- **Task prompt**:
All pictures are to be omitted while the lines starting at the line with "ai character: Ghana" and ending at the line with "Load image into" in the material below are retyped exactly, both ends included.

- **Records for the task**:
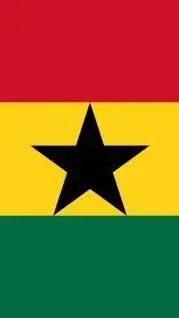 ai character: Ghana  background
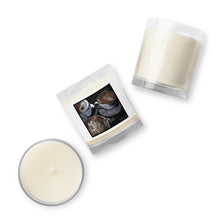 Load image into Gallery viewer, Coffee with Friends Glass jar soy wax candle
* * *
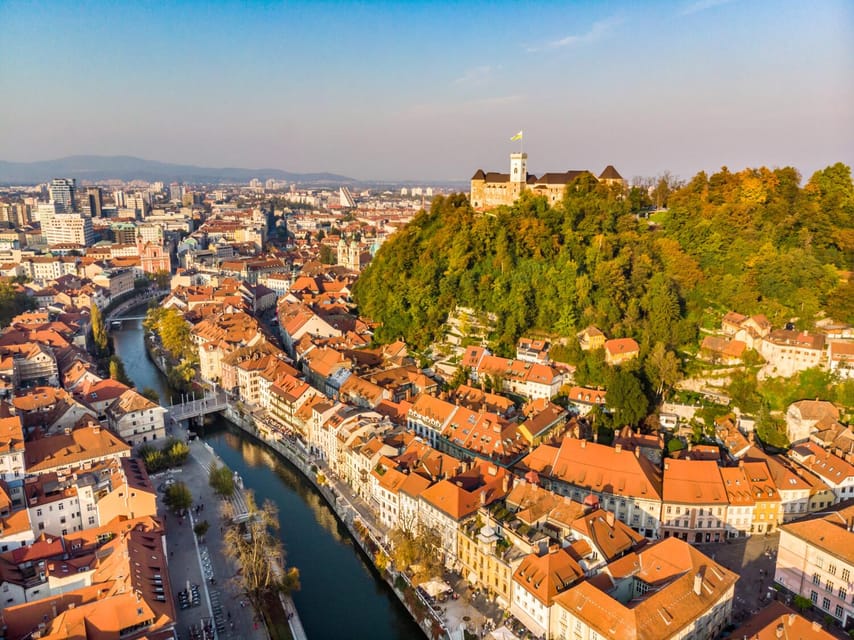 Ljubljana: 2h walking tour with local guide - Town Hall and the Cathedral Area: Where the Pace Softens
--
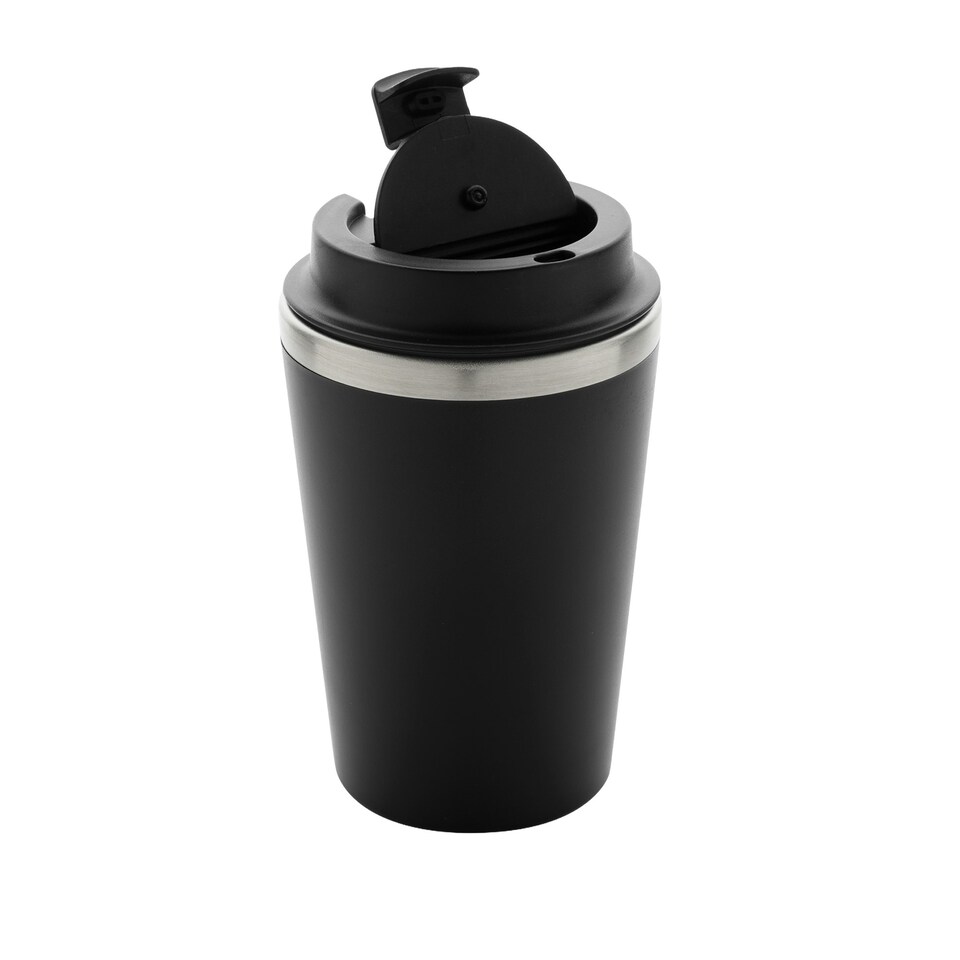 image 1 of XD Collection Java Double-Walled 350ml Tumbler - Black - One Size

- **Your solution**:
 ai character: Ghana  background
 Load image into Gallery viewer, Coffee with Friends Glass jar soy wax candle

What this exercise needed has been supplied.